Patrick: Board seats are one of your most valuable assets as a founder or startup CEO. You have to be very picky about who you put on your board. As a private company, you might have a co-founder and it’s just the two of you on the board initially while you’re in the bootstrapping and friends and family phase.
Maybe you get some kind of high-powered angel investor that has a lot of domain or technical expertise in your area. Maybe you make them a board member. Typically, when you raise a Series A with venture capital, you are going to give up a couple of board seats. You want to make sure that you’re working with people who are going to be reasonable.
Deal terms outside of valuation are sometimes as important or more than the valuation. What’s important in valuation is that you’re looking at the end zone. Where do you want to end up, from an ownership stake, when you sell the company or take it public? You’re going to have a lot of bumps in the road during that period of time.
If you have something that has massive antidilution privileges or write downs, a lot of people are focused on the unicorn valuation, but any new money that comes in below a certain valuation completely washes out all the founders. You have to be very careful about that.
You have to be careful about corporate governance and who you get on the board. Are they going to be a reasonable person? A future investor will look at your existing investors and say, “I don’t want to work with that person.” They can be poison for your company to getting future investors. Have your eyes open around all of that.
(We are talking about managing rapid growth.)
Audience: How many different boards have you been on?
Audience: Board of advisors, directors or a little bit of both?
Patrick: Those are board of directors. I’ve been on some other advisory boards.
Audience: Do you prefer one over the other?

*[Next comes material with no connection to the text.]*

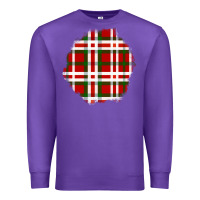 Purple Christmas Tartan Patch Premium Sweatshirt - BundleAndBundleShop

Patrick: Yes. I think being on the board of directors is more fun. You have a more active role. There is typically more involvement. There is regular involvement when things are good and then there’s very active involvement when things go sideways. To me, that’s part of the fun of it. Three of those are companies that I’ve run. Two were on other companies.
Audience: There’s fun in it when it goes sideways?

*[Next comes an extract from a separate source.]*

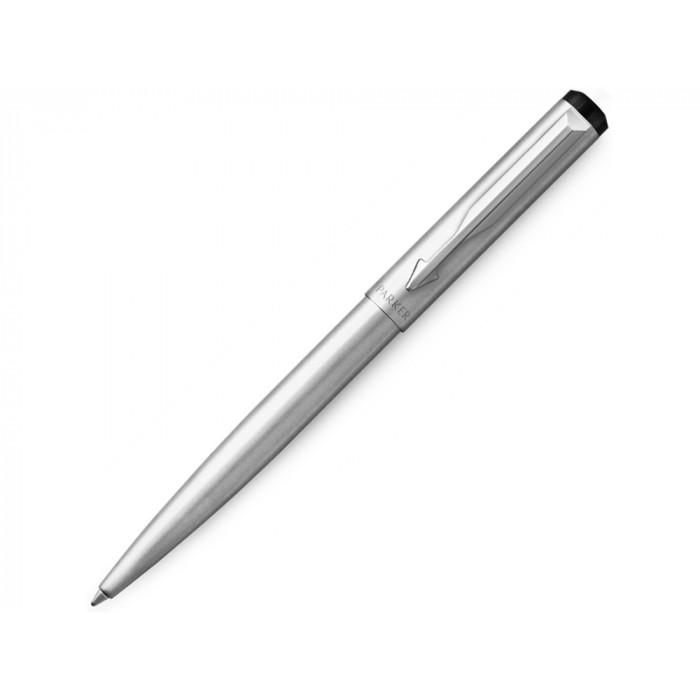 Ручка шариковая Parker Vector Standard T01 Stainless Steel CT, серебристый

Patrick: No, it’s not fun if you’re a CEO and things are going sideways. You have board meetings every week and daily action items.
Audience: What are some signs to tell if a venture capitalist is trying to take advantage of you versus trying to help you?

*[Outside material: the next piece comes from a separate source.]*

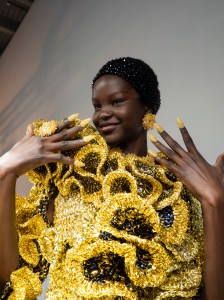 Backstage at Germanier Spring 2025 Couture at Paris Couture Week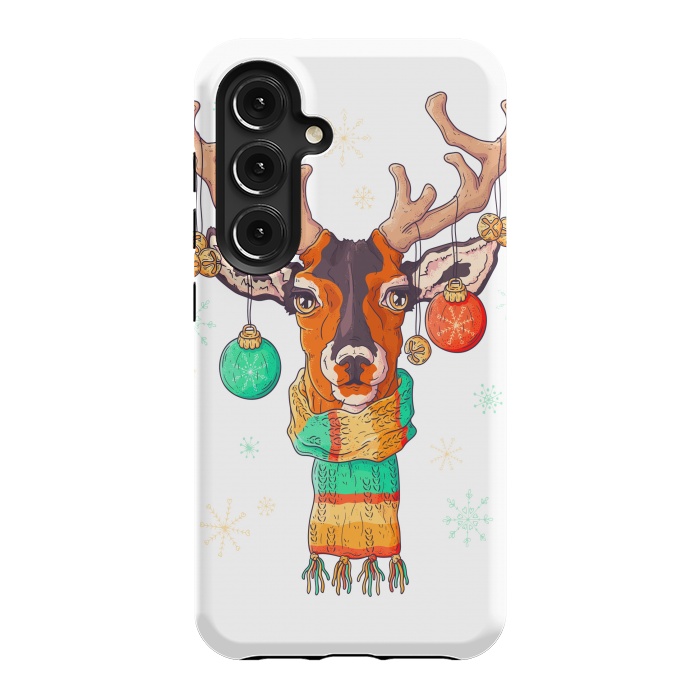 Galaxy S24 StrongFit christmas reindeer by haroulita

Patrick: What do you mean by taking advantage?
Audience: They are strong-arming you in the negotiation. If you’re a first-time entrepreneur, how can you tell if that’s happening? Are there red flags?
Patrick: There are so many different deal terms, other than valuation, that are important. It’s important to get a good corporate counsel who has seen a lot of deals and has worked with VCs. They’ve worked on M&A transactions. They’ve worked on IPO transactions. They have real-time data. Then they will know what’s standard versus what’s not standard.
You can talk to them about that. Aside from that, there are rules of thumb. If you’re raising a round, you’re typically going to give up about 15% to 25%. I have people approaching me for angel investment and they want to give up 5% of their company. I don’t see how the numbers work around that. I don’t go in and say, “Give me 35%.”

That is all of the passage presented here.